OK, so we may have dressed these tried and tested bedtime techniques up with slightly exaggerated names just for fun but that doesn’t mean they don’t work.
The aim, at this age, is to get your toddler falling asleep by themselves. There is no ‘right way’ to get there – if it works for you, it works.
At a glance
- Giving them options and control
- Follow your child's cues
- Encourage your little one to fall asleep by themselves
1. The evil genius technique
Around this age your toddler is looking to start asserting some control over their life and don't want to be told what to do all the time. It can help to give your little one options during the bedtime routine. The trick here is to keep the options limited to a couple of choices both of which are equally OK with you. Questions like these can help:
“Do you want to wear these PJs or these ones?”

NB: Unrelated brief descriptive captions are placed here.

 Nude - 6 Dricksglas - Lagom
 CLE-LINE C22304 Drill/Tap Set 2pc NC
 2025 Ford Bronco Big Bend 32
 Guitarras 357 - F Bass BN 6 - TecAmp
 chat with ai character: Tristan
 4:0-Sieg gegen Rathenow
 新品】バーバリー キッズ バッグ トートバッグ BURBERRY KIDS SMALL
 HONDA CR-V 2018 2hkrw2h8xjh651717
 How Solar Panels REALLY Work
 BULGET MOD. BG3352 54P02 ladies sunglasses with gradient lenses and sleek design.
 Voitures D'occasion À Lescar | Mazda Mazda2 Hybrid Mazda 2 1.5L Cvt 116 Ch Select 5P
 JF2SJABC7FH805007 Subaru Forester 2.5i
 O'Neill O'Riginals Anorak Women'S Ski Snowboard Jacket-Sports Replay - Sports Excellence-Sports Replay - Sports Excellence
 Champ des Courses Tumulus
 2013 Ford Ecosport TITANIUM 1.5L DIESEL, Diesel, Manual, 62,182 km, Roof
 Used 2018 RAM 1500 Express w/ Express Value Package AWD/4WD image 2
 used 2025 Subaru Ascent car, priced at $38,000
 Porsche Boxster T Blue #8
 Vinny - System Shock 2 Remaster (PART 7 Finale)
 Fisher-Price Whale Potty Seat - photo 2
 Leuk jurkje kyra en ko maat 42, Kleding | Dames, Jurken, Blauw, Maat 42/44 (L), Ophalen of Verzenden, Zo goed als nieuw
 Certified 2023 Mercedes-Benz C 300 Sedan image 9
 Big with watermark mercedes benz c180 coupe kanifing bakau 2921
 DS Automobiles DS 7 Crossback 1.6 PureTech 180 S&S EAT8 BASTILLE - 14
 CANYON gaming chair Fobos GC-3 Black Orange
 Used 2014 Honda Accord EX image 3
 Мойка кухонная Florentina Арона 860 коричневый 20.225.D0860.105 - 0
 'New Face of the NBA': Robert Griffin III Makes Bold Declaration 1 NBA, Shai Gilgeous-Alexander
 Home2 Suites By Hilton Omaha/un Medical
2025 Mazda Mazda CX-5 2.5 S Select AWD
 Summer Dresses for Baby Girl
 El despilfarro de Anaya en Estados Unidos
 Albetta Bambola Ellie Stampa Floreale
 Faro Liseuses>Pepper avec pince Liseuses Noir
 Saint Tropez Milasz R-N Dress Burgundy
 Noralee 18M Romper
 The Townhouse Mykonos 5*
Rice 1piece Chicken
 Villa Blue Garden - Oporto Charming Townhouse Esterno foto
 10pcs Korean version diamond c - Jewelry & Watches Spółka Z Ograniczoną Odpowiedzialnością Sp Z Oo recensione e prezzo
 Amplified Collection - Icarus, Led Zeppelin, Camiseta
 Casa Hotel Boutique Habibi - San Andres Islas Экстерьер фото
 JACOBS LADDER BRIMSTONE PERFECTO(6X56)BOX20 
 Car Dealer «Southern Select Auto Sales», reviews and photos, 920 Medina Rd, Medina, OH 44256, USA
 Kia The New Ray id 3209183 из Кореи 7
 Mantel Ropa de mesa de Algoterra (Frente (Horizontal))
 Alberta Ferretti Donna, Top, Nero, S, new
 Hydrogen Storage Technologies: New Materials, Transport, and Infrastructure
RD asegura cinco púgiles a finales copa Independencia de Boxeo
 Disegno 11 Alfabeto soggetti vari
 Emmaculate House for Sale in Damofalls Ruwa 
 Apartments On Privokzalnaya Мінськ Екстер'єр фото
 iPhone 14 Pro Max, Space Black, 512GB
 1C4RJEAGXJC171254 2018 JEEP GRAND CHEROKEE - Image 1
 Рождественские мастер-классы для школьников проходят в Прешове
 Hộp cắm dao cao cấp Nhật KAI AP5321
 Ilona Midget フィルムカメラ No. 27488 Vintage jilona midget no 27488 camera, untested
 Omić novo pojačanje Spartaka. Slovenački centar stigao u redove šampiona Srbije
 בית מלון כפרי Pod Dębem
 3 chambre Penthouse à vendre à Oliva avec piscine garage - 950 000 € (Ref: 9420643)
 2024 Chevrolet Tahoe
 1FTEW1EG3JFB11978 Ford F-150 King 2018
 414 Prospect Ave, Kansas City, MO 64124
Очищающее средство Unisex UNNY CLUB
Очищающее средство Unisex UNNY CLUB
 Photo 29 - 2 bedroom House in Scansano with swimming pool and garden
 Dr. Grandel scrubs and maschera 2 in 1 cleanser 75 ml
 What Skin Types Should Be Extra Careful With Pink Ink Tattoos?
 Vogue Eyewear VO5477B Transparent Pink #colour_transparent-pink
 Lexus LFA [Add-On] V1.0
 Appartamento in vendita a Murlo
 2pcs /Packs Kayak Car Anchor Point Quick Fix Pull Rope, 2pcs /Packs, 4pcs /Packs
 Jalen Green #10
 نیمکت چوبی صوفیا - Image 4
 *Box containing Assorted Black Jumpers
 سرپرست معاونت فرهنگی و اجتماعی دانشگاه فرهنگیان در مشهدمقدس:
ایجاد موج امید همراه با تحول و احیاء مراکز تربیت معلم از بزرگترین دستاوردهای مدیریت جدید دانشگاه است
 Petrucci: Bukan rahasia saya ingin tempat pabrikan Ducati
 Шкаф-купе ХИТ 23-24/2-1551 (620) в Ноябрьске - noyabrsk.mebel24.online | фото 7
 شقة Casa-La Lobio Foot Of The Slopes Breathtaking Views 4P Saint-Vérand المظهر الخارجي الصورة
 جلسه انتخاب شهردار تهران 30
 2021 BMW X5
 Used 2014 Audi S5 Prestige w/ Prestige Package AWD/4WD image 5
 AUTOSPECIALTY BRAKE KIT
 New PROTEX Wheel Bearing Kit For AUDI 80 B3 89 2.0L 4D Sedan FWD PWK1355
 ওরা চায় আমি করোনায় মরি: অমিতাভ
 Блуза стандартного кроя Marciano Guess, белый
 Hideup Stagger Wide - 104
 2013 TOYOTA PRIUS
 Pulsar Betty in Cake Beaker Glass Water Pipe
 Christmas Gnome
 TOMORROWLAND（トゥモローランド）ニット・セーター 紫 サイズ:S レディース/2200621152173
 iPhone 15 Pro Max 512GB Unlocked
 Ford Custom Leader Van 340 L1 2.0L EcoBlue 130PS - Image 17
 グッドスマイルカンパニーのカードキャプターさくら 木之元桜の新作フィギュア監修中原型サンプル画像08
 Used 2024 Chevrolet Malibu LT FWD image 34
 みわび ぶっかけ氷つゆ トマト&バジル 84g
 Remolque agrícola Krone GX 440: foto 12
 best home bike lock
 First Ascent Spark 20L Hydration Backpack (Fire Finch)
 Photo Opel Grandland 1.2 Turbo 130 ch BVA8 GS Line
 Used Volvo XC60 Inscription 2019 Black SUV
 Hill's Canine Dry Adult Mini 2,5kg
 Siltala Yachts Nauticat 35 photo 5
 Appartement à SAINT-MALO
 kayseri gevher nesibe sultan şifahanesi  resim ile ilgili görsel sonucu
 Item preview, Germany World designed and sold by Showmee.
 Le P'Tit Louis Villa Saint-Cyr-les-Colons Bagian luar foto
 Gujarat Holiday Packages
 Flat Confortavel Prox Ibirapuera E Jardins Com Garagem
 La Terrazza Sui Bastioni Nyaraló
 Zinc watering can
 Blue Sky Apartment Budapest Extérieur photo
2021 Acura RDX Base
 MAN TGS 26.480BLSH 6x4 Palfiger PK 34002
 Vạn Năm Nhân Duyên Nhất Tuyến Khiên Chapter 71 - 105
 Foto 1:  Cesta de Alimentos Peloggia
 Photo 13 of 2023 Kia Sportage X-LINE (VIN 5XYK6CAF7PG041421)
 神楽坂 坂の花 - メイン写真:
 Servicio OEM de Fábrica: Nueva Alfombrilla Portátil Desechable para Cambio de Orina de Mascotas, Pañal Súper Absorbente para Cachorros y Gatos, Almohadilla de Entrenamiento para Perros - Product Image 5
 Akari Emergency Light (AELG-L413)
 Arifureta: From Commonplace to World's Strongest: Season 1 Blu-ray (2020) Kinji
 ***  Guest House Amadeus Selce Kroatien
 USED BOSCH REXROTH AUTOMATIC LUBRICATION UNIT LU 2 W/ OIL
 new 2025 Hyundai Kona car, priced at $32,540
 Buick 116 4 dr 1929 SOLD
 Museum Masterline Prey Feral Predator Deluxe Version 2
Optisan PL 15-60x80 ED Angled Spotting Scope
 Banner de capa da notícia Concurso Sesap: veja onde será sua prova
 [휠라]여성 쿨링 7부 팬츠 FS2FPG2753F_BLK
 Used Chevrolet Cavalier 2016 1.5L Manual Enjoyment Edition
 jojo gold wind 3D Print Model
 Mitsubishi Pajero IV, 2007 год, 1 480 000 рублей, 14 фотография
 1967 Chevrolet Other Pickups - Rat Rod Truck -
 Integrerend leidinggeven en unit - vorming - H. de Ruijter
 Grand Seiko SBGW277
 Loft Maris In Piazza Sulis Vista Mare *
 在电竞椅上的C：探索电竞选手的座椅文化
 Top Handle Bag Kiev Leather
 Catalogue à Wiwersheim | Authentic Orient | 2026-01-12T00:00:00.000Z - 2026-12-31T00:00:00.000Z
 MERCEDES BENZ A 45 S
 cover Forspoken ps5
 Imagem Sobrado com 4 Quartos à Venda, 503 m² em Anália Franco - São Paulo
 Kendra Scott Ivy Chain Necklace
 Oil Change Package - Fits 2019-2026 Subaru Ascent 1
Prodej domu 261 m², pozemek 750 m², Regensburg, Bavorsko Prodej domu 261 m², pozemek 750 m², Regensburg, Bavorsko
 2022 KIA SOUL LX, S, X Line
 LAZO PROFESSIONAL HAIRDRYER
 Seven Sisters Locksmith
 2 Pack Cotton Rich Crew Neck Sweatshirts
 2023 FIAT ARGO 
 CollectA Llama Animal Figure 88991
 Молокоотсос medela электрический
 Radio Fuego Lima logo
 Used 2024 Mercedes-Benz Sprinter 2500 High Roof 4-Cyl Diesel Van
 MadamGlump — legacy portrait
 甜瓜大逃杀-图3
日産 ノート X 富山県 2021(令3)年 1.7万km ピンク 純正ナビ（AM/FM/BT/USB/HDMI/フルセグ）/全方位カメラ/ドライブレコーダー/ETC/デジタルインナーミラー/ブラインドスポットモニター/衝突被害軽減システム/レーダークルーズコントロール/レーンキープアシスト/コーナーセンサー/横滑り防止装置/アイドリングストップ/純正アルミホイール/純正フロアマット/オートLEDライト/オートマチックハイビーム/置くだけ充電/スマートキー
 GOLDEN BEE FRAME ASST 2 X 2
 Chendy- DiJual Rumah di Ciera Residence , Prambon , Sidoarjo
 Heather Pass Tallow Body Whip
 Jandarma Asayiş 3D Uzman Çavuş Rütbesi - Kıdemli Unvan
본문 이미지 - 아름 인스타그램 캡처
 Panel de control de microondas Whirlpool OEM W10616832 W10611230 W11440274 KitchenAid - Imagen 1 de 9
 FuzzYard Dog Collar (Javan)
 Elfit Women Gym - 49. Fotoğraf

“Do you want this book, or this one?”
“Do you want to go to bed now, or in five minutes?”
It helps toddlers to feel they are making some decisions in their little lives. (But they’re not really). Clever eh?
2. The hypnotist technique
This little technique’s all about keeping an eye on the clock. When your little one shows signs of being tired, note the time and make that their bedtime. Talk to them about the bedtime routine so that they understand it’s to help them. You may want to try ways to help them sleep longer at night either by waking them when you go to bed, cuddling, feeding them and putting them down again, or by making afternoon naps earlier or shorter. As always, this is about finding what works for you.
3. The Jedi mind control technique
At this age, it's a good idea to encourage them to learn to fall asleep on their own. There is no definitive age at which this happens but some techniques can help things along. The Jedi mind control technique is one of these but is a controversial one. The aim of this technique is to leave your toddler in the cot when they are sleepy but still awake enough to help them adjust to falling asleep on their own. If they cry, the idea is to go back into the room; explain gently but firmly that it’s time to go to sleep. Reassure them with a gentle pat on the back, but avoid picking them up. And leave the room again. If they continue to cry, the technique suggests you wait five minutes and repeat the process. Continue but leave longer gaps between going back into the room. This technique can also be used to help settle little ones back to sleep when they wake in the night.